Egyptian singer laments Hariri's death but clears Syria in latest hit

Abdel-Rahim vents his frustration at apathy of Arab leaders

Famed Egyptian singer Shaaban Abdel-Rahim has hit the charts with a new song where he laments the assassination of former Lebanese Premier Rafik Hariri while exonerating Syria of all responsibility for his death.

"I hate terrorism which I denounce with all my conscience," chants Abdel-Rahim, nicknamed Shaabullah by his fans.

"I was distressed when Hariri was killed, he gave jobs to many and was for his people a companion," the lyrics continue, making a pun on Hariri's first name which means "companion" in Arabic.

The song's video, which is often broadcast on the Arab nonstop music satellite channel Mazzika, has drawn an admiring audience from wide-ranging economic backgrounds and ages.

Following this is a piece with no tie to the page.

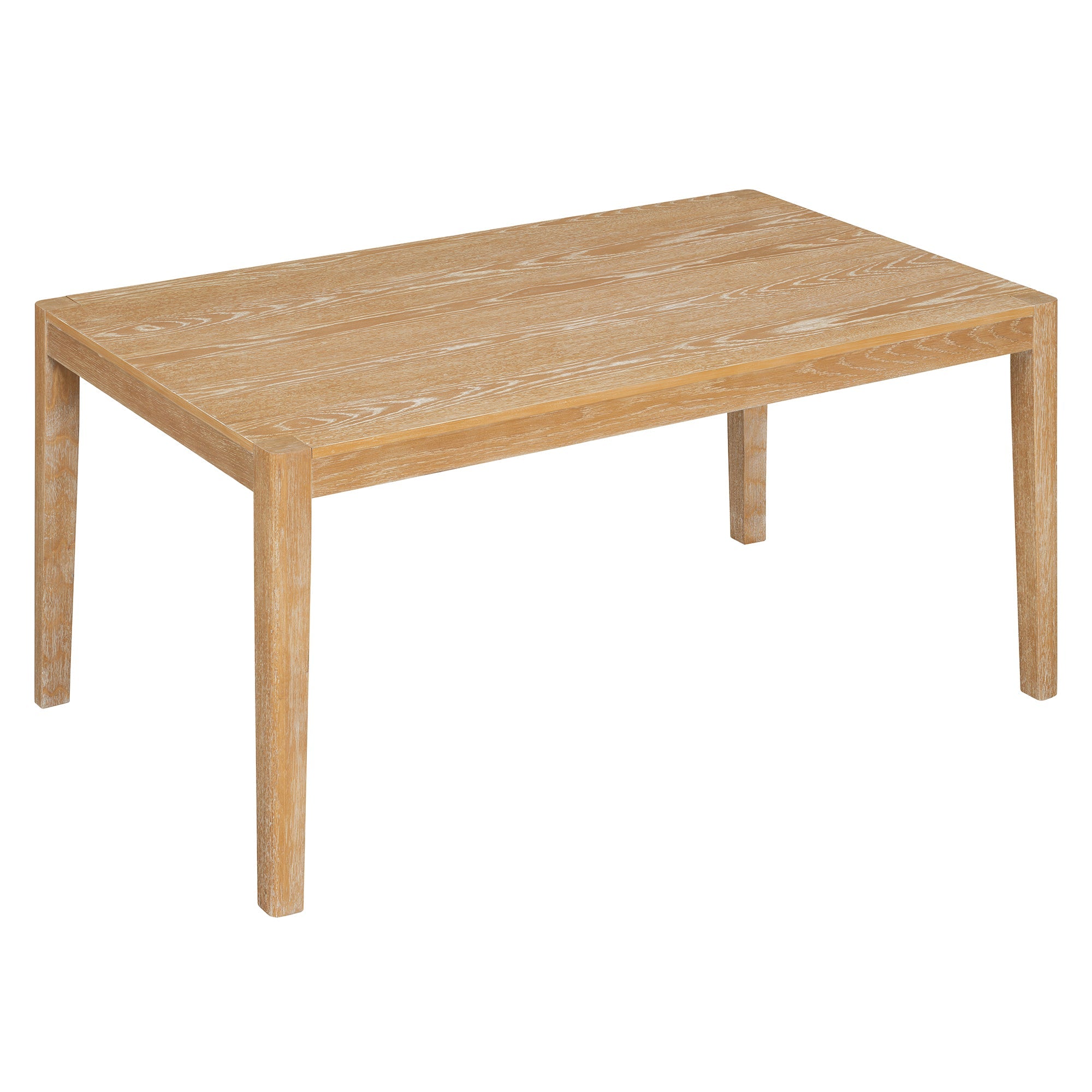 7-Piece Retro Rectangular Wood Dining Table Set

Abdel-Rahim, a former laundry man sporting a heavily waxed hairdo, is filmed singing with interspersed footage and pictures of Hariri at the apex of his political career when he rubbed shoulders with world leaders.

The acne-scarred singer is shown wearing his trademark gaudy flowery shirts and sports heavy gold bracelets and chains augmented by a flashy watch on each wrist.

"Lebanon and Syria are one and none had a hand in Hariri's murder," he sings, adding that "here was an act by people in high places." He also accuses Israeli Prime Minister Ariel Sharon, whom he flayed in an earlier song at the height of the Palestinian uprising titled "I hate Israel and love Amr Moussa" - the Arab League chief who was then Egypt's foreign minister.

As in previous hits, Shaabullah resorts to straight-to-the-point lyrics and simple shaabi (popular) rhythms when he vents his frustration at the apathy of Arab leaders who "like ostriches hide their faces," saying: "We will see more of the same as long as our attention is turned elsewhere."

The singer reminds his Arab audience of previous tips he gave against conspiracies in the making.

"I pointed my finger at the criminal but you didn't believe me," he complains, pointing to his 2003 song against the U.S.-led war in Iraq.

"Go inspect Israel instead, there are lots of weapons of mass destruction there," blasted the anti-war song that also accused Sharon of causing "a bloodbath" in the region.

Lebanon is enjoying its share of pro-Hariri songs since his death on February, played in loop on the country's Future Television that was founded and owned by the slain ex-premier.

Lebanon's anti-Syria opposition squarely charges President Bashar Assad of being behind the assassination though no evidence has been uncovered yet.

A United Nations team dispatched after Hariri's assassination noted that Assad had threatened physical harm against Hariri over his opposition to Damascus's continued dominance over Lebanon. A full UN probe is to be launched shortly.